Mrs. Parks remarked that it was the horrifying murder of Emmett Till, in August 1955, in which many people both black and white were moved by the brutal murder, was on her mind that day when she proclaimed to be tired of giving in. On November 27, 1955, only four days before she refused to give up her seat, she had attended a mass meeting in Montgomery which focused on this case as well as the recent murders of George W. Lee and Lamar Smith. All of this and the countless crimes perpetrated by southern whites cause her to say “enough”.

After leaving work on December 1, 1955 in Montgomery, Alabama, Mrs. Parks, then 42, refused to obey the driver of the segregated city bus system who ordered her to give up her seat to make room for a white passenger. Her arrest was the catalyst for a bus boycott that would cripple the city of Montgomery lasting nearly thirteen months. This event lead to what many view as the birth of the modern civil rights movement.

Many believe this act was the first of its kind in the rigidly segregated south but it was not the first of its kind. In 1946 Irene Morgan, and in 1955 Sarah Louise, won rulings before the U.S. Supreme Court, and the Interstate Commerce Commission, respectively, relating to interstate bus travel. Just nine months before Parks refused to give up her seat, 15-year-old Claudette Colvin refused to move from her seat on the same bus system.

Less we forget that in 1944, athletic star Jackie Robinson took a similar stand in a confrontation with a US Army officer in Texas, refusing to move to the back of a bus. Robinson was brought before a court martial, which acquitted him. The NAACP had accepted and litigated other cases before, such as that of Irene Morgan ten years earlier, which resulted in a victory in the U.S. Supreme Court, and the Interstate Commerce Clause grounds. The difference as it relates to the many individuals whose arrests for civil disobedience was that Mrs. Parks’ actions sparked the Montgomery Bus Boycott.

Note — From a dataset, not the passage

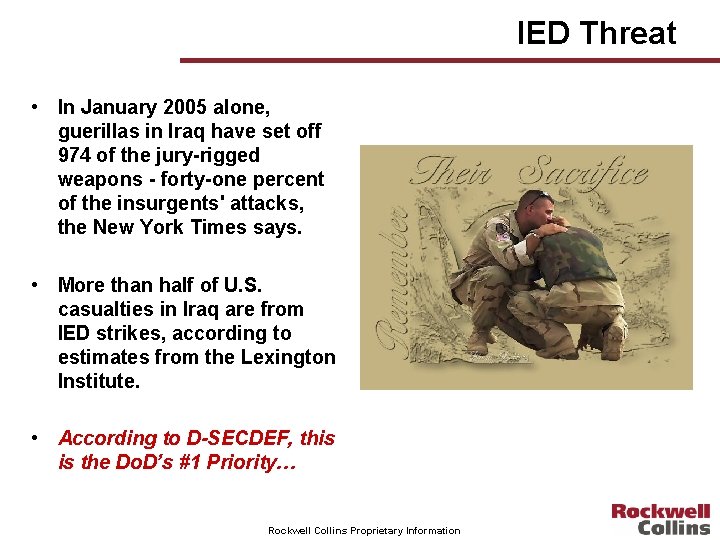 IED Threat • In January 2005 alone, guerillas in Iraq have set off 974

Let’s journey back to a time when Jim Crow was the law in America, black and white people were segregated in virtually every aspect of daily life and not just in the South. Bus and train companies did not provide separate vehicles for the different races but did enforce seating policies that allocated separate sections for blacks and whites. School bus transportation was unavailable in any form for black school children in the South.

In Mrs. Parks' autobiography she recounts some of her earliest memories, which are of the kindness of white strangers but because of her race made it impossible to ignore racism. When the KKK marched down the street in front of her house, Parks recalls her grandfather guarding the front door with a shotgun. The Montgomery Industrial School, founded and staffed by white northerners for black children, was burned twice by arsonist, i.e. the Klan, and its faculty was ostracized by the white community.

Before I go any further, on Montgomery buses there was a separation point, the first four rows of bus seats were reserved for white people. Buses had "colored" sections for black people, who made up more than 75% of the bus system's riders, generally in the rear of the bus. These sections were not fixed in size but were determined by the placement of a movable sign. Black people could sit in the middle rows, until the white section was full. Then they had to move to seats in the rear, stand, or, if there was no room, leave the bus.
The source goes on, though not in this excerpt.